Es una muy mesurada sugerencia: el Estado debería ser extremadamente cuidadoso con a quién le facilita un uniforme, un arma o cierto poder, porque, aunque el aforismo reza que el hábito no hace al fraile, lo cierto es que en las cosas del Estado sí que lo hace, y le faculta, además, para cantar misa.
Todo esto viene a cuento de la algarada que días atrás se verificó en Pozuelo de Alarcón. He escuchado atentamente las versiones de ambas partes, y la cosa está meridianamente clara. Según la Policía Antidisturbios, como tópicamente no podía ser de otro modo, recurrió a las burdas excusas de los consabidos alborotos, peleas, intervención santificante y de exquisitos modales y recepción de sus excelentes buenas maneras con vandalismo por parte de los jóvenes, todos ellos borrachos, indeseables, violentos y hasta “pijoborrokas”, como una infausta periodista de no demasiadas luces tildó a nuestros jóvenes. Digo bien: a nuestros jóvenes, que es decir a nuestro futuro. Por otra parte, y en las antípodas de esta beatífica declaración de los policías, los jóvenes que se vieron involucrados en el tumulto, gentes de excelente formación y cerebros mucho mejor amueblados que estos periodistas—o lo que sea— que tan rápidas tienen las yemas de los dedos para graficar su rabia contra la juventud (será porque la perdieron), sostienen y defienden que allá llegaron unos guardias en plan matón del far west, dijeron que la ley eran ellos y quisieron implantarla a golpes, emprendiéndola con cuanto personal había en aquellos lares, casi todos divirtiéndose con algarabía pero pacíficamente, no dudando en cebarse —no queda claro si con aviesas intenciones subyaciendo en su desmadrado celo— con jovencitas de buen ver y con menores de edad a los que apalearon entre varios antidisturbios con sevicioso heroísmo.
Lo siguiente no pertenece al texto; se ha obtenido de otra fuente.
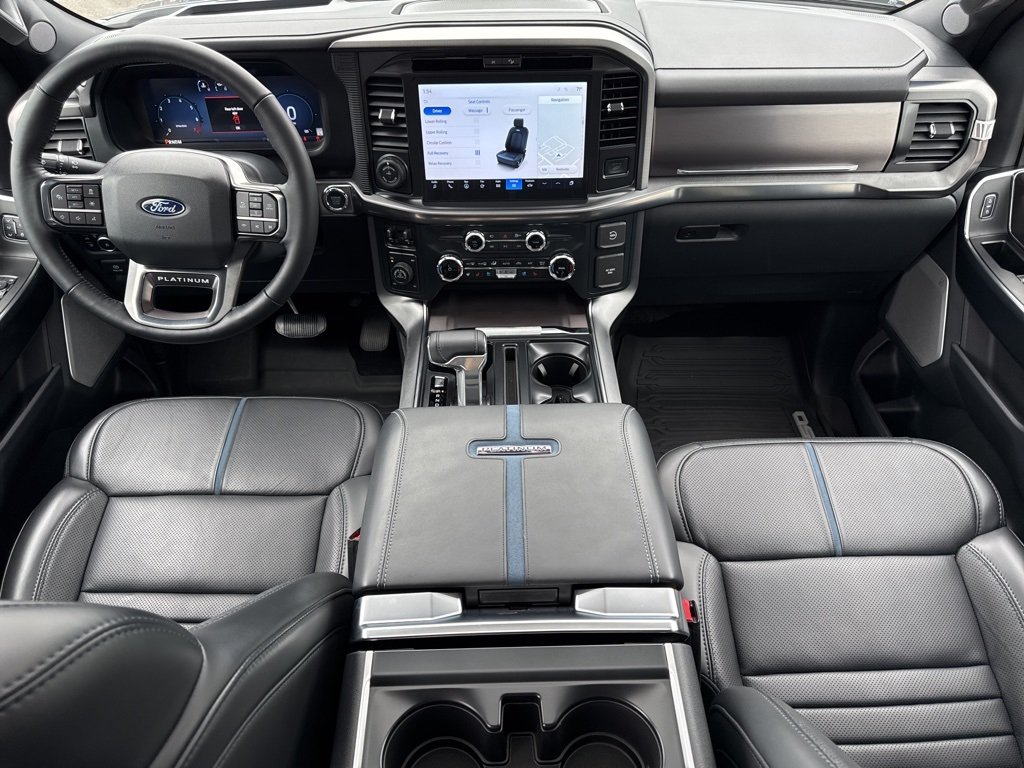 2025 Ford F-150 Platinum photo 14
Como quiera que, además, tengo cincuenta y tres años, he participado en cientos de manifestaciones por la libertad y los derechos ciudadanos y de los trabajadores, y como he visto lo que he visto y vivido lo que he vivido, no tengo la menor duda: los jóvenes tienen razón. Seguro.
Admiro a la Policía y a la Guardia Civil, y esto lo saben sobradamente cuantos me conocen; pero detesto con todo lo que tengo a esos antidisturbios que dudo mucho tengan derecho a poner la mano o la porra en el cuerpo de cualquier ciudadano, porque eso vulnera todos sus derechos constitucionales. Sólo por flagrante delito, y para detener al que perpetra el mismo, tendrían derecho a utilizar la fuerza, y sólo la estrictamente necesaria; pero eso no es así. Parece ser que el uniforme tras el que se enmascaran les autoriza a pasarse la Constitución y los derechos de los ciudadanos por el arco del triunfo. Sobradas imágenes hay en los telediarios como para ignorar que al menos buena parte de ellos ejercen violencia chulesca y gratuita contra todo y contra todos, simple y sencillamente porque les da la gana y el Estado les bendice. Son ellos, por lo común, los que enervan los ánimos de los manifestantes y los que generan la violencia que teóricamente debieran intentar controlar, y, desde luego, no da la impresión de que sean merecedores de llevar un uniforme que representa al Estado, toda vez que degradan a todos los demás policías que hacen dignamente su trabajo.
Debería el Estado, ya digo, medir muy bien a quién facilita un arma o un uniforme, porque por identificación del mismo pagan los policías inocentes con ver vilipendiado y rechazado por la sociedad su buen nombre por esos tipos que no merecerían sino ese mismo trato que dispensan a los ciudadanos. No es extraño, pues, que gentes de pocas luces como éstos, en ocasiones hayan sido capaces de perder el juicio hasta empuñar sus armas reglamentarias y apuntar a los ciudadanos —yo mismo lo he visto en numerosas ocasiones—, que disparen bolas a quemarropa contra los manifestantes o que entre varios la emprendan contra un ciudadano cualquiera, vulnerando todos sus derechos y, convirtiéndose, por ello mismo, en lo contrario de lo que representan al sembrar terror de Estado, pues que llevan el uniforme del Estado. Ítem más, todos sabemos que esas manidas y vulgares excusas en que se subterfugian cuando son grabados en el exceso de la extralimitación de sus funciones, debiera ser severamente castigado por, además, mentir. Los ciudadanos pagamos a los policías no para que nos apaleen, ni siquiera para que creen conflicto donde no lo hay, sino precisamente para que nos protejan, incluso de individuos como ellos.